Parce que le pouvoir n’a toujours pas fixé les dates des élections municipales et présidentielles qui doivent se dérouler cette année ! Nous demandons aussi que ces élections ne soient pas couplées pour éviter des fraudes massives qui, on le sait, interviendront de toute manière. Aujourd’hui, aucune date n’a été donnée, aucune information n’a été communiquée par la commission nationale indépendante. Il n’y a plus de dialogue. Nous sommes dans une impasse alors que le pays meurt de faim, que des foyers Ebola ne sont pas encore sous contrôle et que les prédations économiques continuent.

Que retenez-vous des grandes manifestations du 7 janvier ?

D’abord que la rue a totalement basculé dans l’opposition à ce pouvoir répressif qui n’entend pas la colère d’un pays étranglé par la dette, qui n’entend pas la voix des syndicats ou des gens qui manifestent pour la démocratie et la transparence. Ce pouvoir est dans un enfermement inquiétant.

Comment expliquez-vous que le pouvoir ait refusé l’aide européenne pour organiser les élections ?

L’aide de l’Europe était fixée à 26 millions d’euros. Alpha [Condé] l’a refusée, ainsi que toute assistance technique, au motif qu’il s’agit d’un acte souverain d’organiser des élections alors que, dans le même temps, le patrimoine et les mines, notamment, ont été cédés aux proches du Président et les fonctionnaires sont à peine payés.

Que comptez-vous faire ?

Nous n’avons qu’une voie, celle de la manifestation. Nous savons que nous serons encore réprimés, que des militants vont encore perdre la vie ou que d’autres seront enfermés et jugés sévèrement par une justice à la solde de ce pouvoir.

Comment avez-vous été reçu par la cellule Afrique de l’Elysée ?

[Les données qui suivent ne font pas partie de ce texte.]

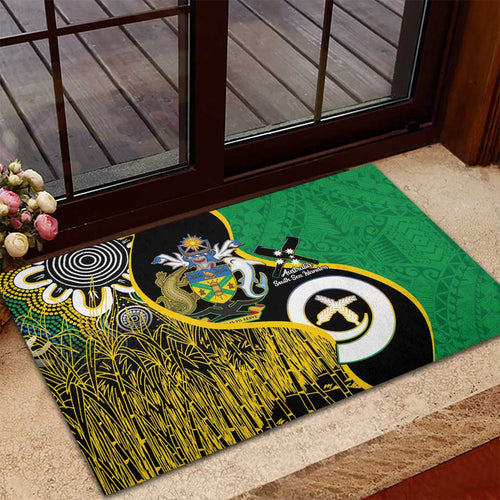 Australian South Sea Islanders National Recognition Day Rubber Doormat Solomon Islands And Vanuatu Culture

Disons assez fraîchement, mais j’ai naturellement alerté un certain nombre de mes interlocuteurs de la dérive autoritaire et prévaricatrice du pouvoir en place. Alpha Condé n’hésite pas, à Conakry, à se prévaloir de son appartenance à l’Internationale socialiste, de ses amitiés haut placés et de ses liens personnels avec des grandes figures du pouvoir.